Lammmcintyre9612
KIR2DS1 genes may partly explain differences in transmission intensity of malaria since these genes have been positively selected for in places with historically high malaria transmission intensity. The high-throughput, multiplex, real-time HLA-C genotyping PCR method developed will be useful in disease-association studies involving large cohorts.
Krüppel homolog 1 (Kr-h1) is a critical transcription factor for juvenile hormone (JH) signaling, known to play a key role in regulating metamorphosis and adult reproduction in insects. Kr-h1 can also be induced by molting hormone 20-hydroxyecdysone (20E), however, the underlying mechanism of 20E-induced Kr-h1 expression remains unclear. In the present study, we investigated the molecular mechanism of Kr-h1 induction by 20E in the reproductive system of a model lepidopteran insect, Bombyx mori.
Developmental and tissue-specific expression analysis revealed that BmKr-h1 was highly expressed in ovaries during the late pupal and adult stages and the expression was induced by 20E. RNA interference (RNAi)-mediated depletion of BmKr-h1 in female pupae severely repressed the transcription of vitellogenin receptor (VgR), resulting in the reduction in vitellogenin (Vg) deposition in oocytes. BmKr-h1 specifically bound the Kr-h1 binding site (KBS) between - 2818 and - 2805 nt upstream of BmVgR and enhanced the transcription of BmVgR. A 20E cis-regulatory element (CRE) was identified in the promoter of BmKr-h1 and functionally verified using luciferase reporter assay, EMSA and DNA-ChIP. Using pull-down assays, we identified a novel transcription factor B. mori Kr-h1 regulatory protein (BmKRP) that specifically bound the BmKr-h1 CRE and activated its transcription. CRISPR/Cas9-mediated knockout of BmKRP in female pupae suppressed the transcription of BmKr-h1 and BmVgR, resulting in arrested oogenesis.
We identified BmKRP as a new transcription factor mediating 20E regulation of B. mori oogenesis. Our data suggests that induction of BmKRP by 20E regulates BmKr-h1 expression, which in turn induces BmVgR expression to facilitate Vg uptake and oogenesis.
We identified BmKRP as a new transcription factor mediating 20E regulation of B. mori oogenesis. selleck compound Our data suggests that induction of BmKRP by 20E regulates BmKr-h1 expression, which in turn induces BmVgR expression to facilitate Vg uptake and oogenesis.

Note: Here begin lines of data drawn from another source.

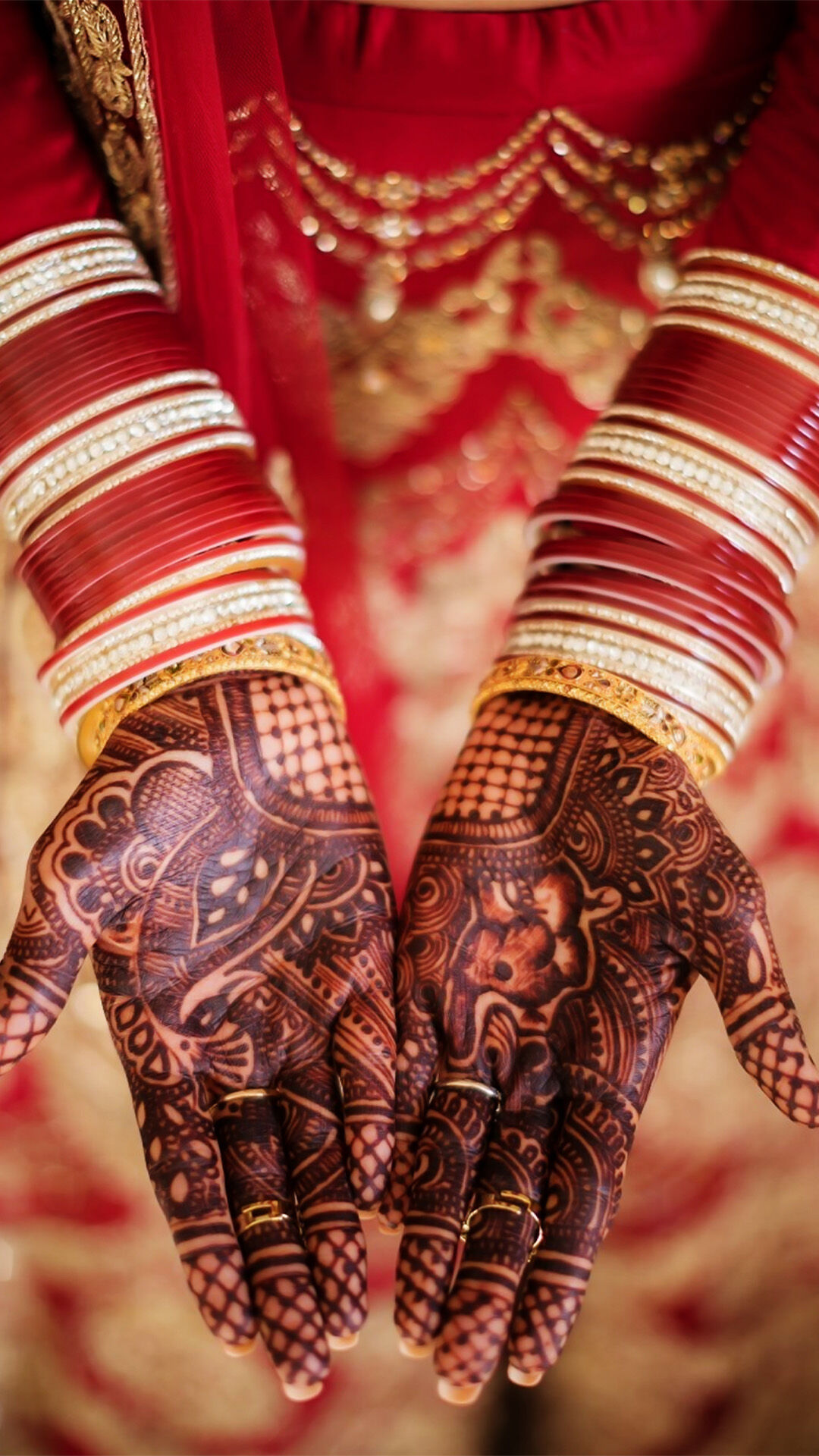 Close-up of a bride elegantly flaunting her stunning Mehendi design on her hands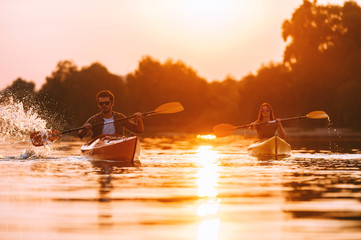 Wall Mural - Couple kayaking together. 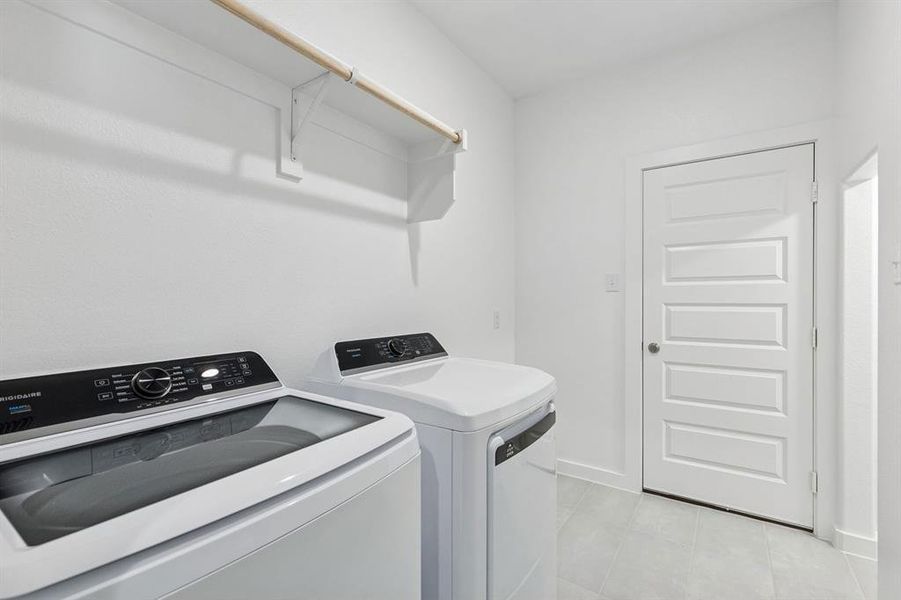 Utility Room in the Holden home plan by Trophy Signature Homes – REPRESENTATIVE PHOTO
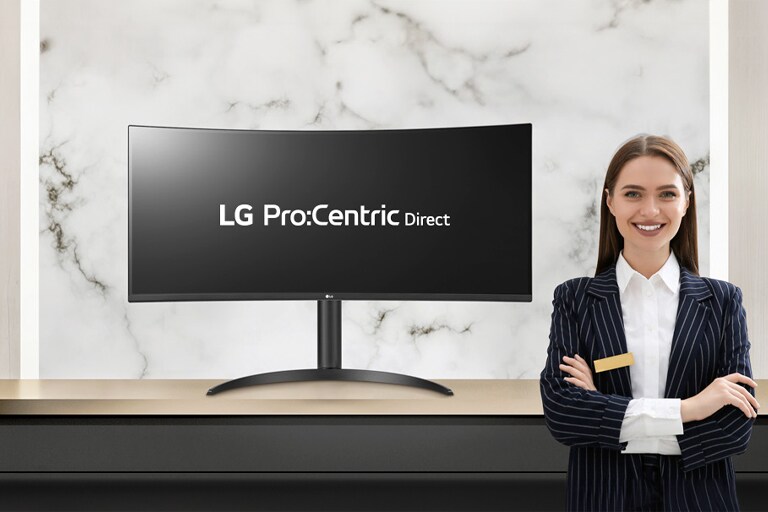 The LG Pro:Centric Direct solution text is visible on the monitor, accompanied by a smiling hotelier.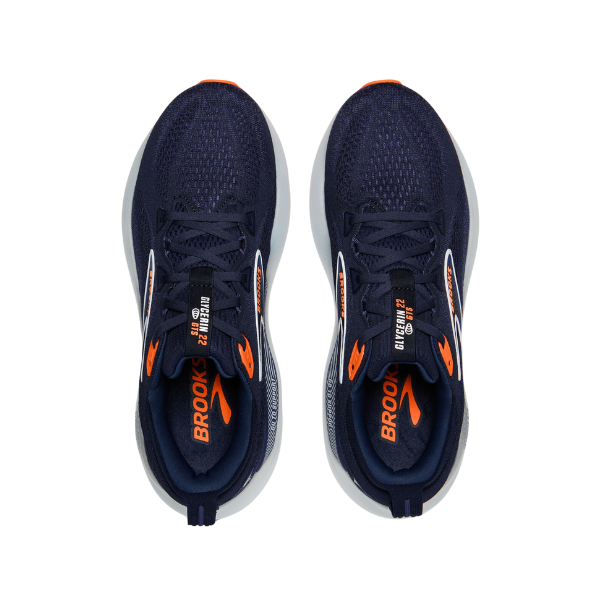 The BROOKS Mens Glycerin GTS 22 Navy running shoes, seen from above with orange accents and white midsoles, feature BROOKS branding—ideal comfort for those with plantar fasciitis.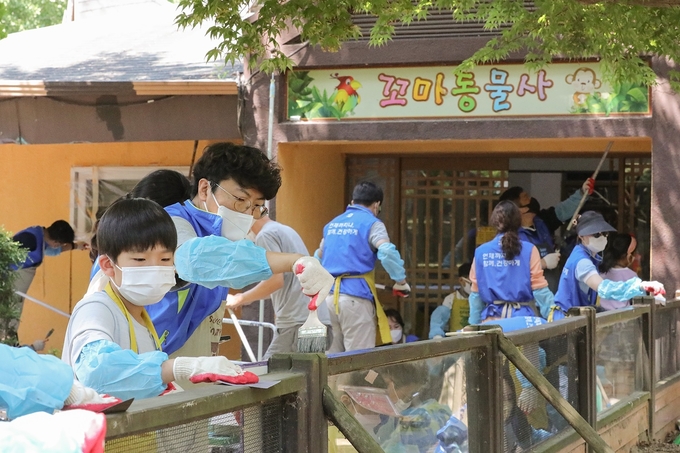동아제약 '세이브투세이브(SAVE2SAVE) 캠페인' 일환으로 올해 6월 실시된 서울대공원 동물원 벽화 그리기 자원봉사활동에서 임직원 가족들이 봉사를 하고 있다.(사진=동아제약)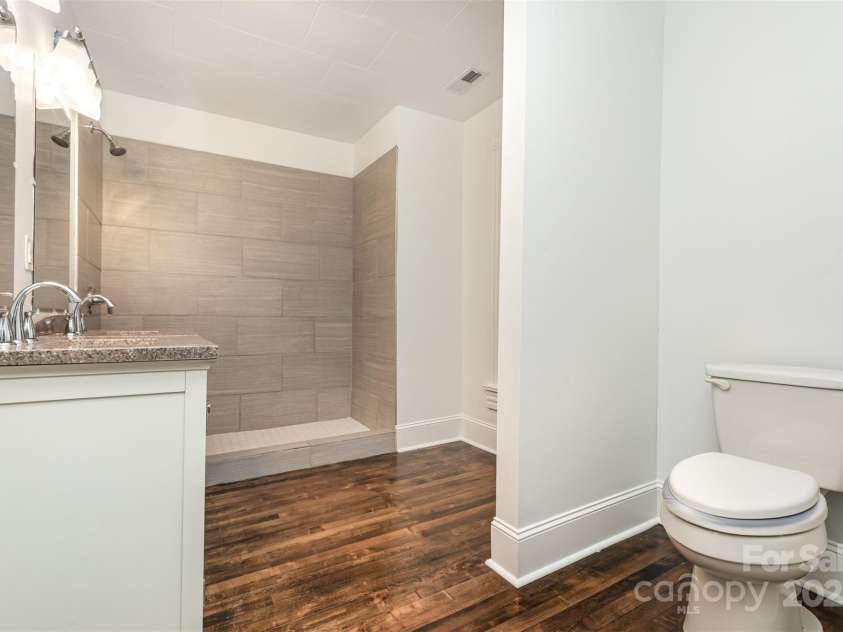 425 Maupin Avenue, Salisbury, NC 28144.  MLS# CAR4194348, YatesRealty ID 921. Walk-in tile shower in primary bath up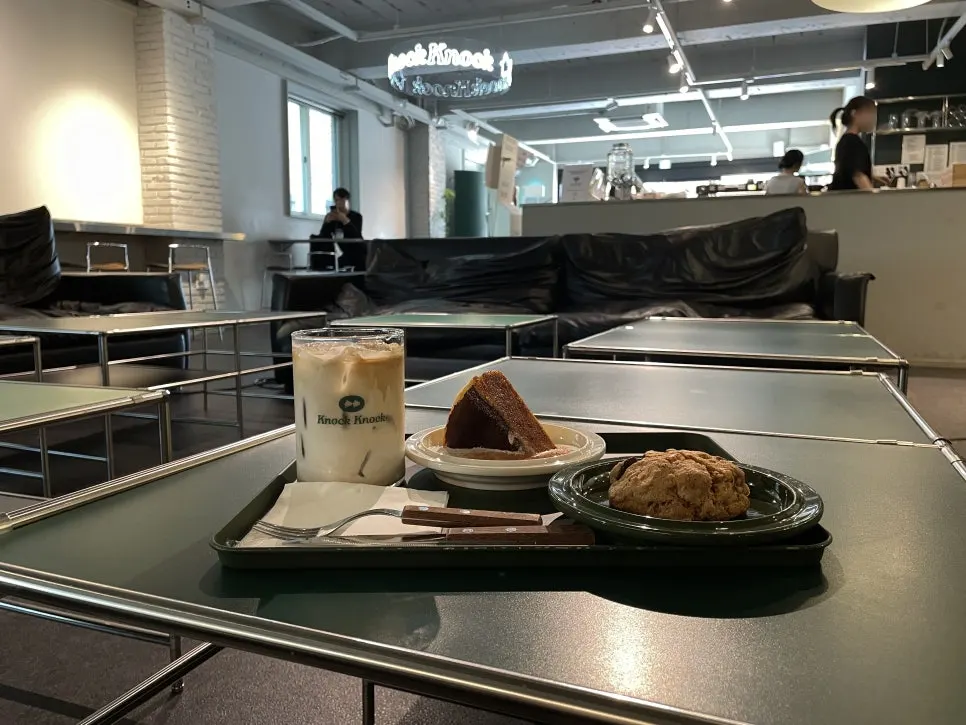 Caffe latte and two desserts on the table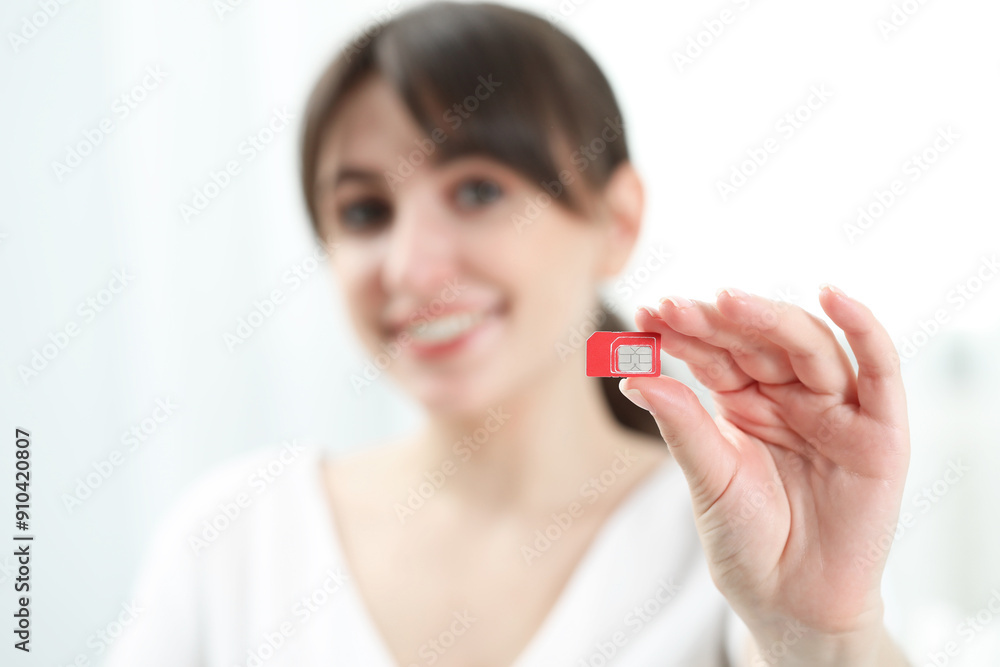 Woman holding SIM card at home, selective focus Woman holding SIM card at home, selective focus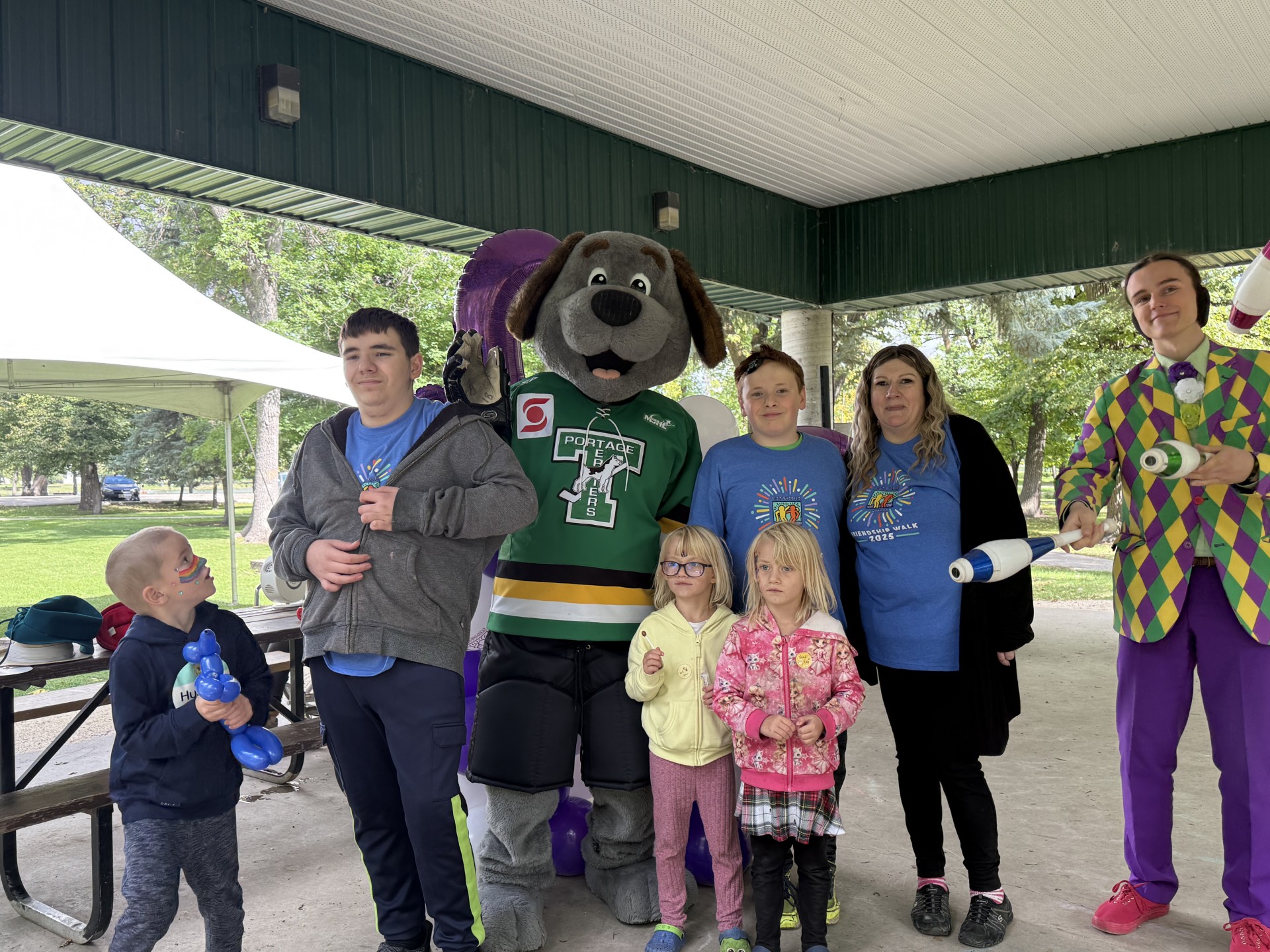 Tara-Marie Hall (second from right) with some of the kids and entertainers who came out to the walk. PortageOnline/Jared Thiessen
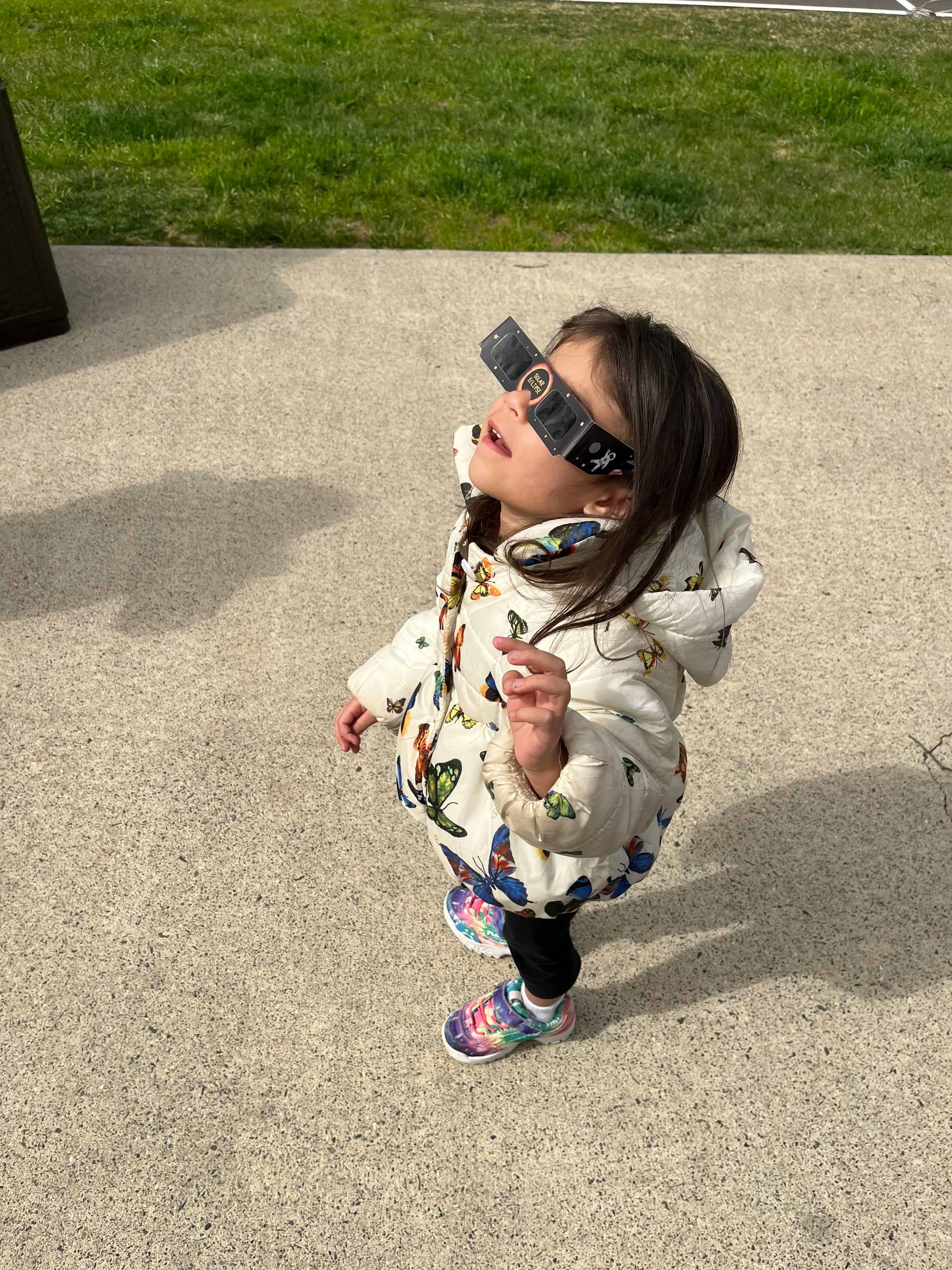 Child wearing eclipse glasses looking up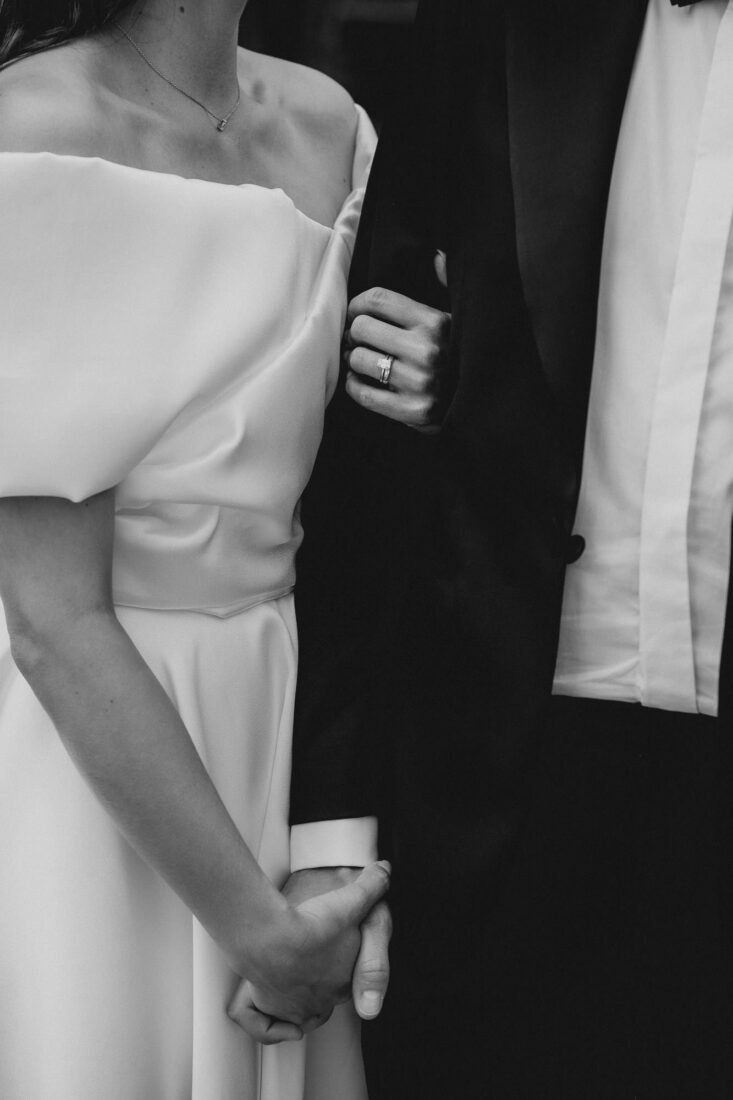 Nahaufnahme der Hände des Brautpaares mit Eheringen vor dem schwarzen Hochzeitsanzug und weißem Kleid.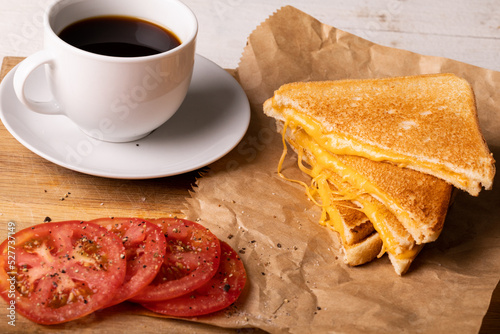 High angle view of fresh black coffee with tomato slices by cheese sandwich on wax paper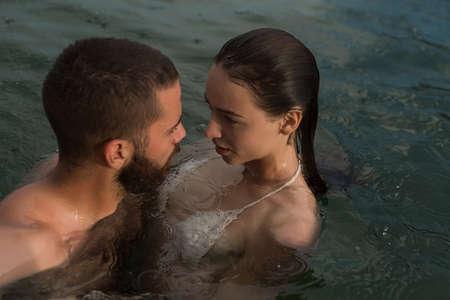Beautiful couple in love romantically hug and kiss in the sea. Vacation on the sea on the beach,...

Precise visualization of meshes and their position would greatly aid in mesh shrinkage evaluation, hernia recurrence risk assessment, and the preoperative planning of salvage repair. Lightweight (LW) meshes are able to preserve abdominal wall compliance by generating less post-implantation fibrosis and rigidity. However, conventional 3D imaging techniques such as computed tomography (CT) and magnetic resonance imaging (MRI) cannot visualize the LW meshes. Patients sometimes have to undergo a second-look operation for visualizing the mesh implants. The goal of this work is to investigate the potential advantages of Automated 3D breast ultrasound (ABUS) pore texture analysis for implanted LW hernia mesh identification.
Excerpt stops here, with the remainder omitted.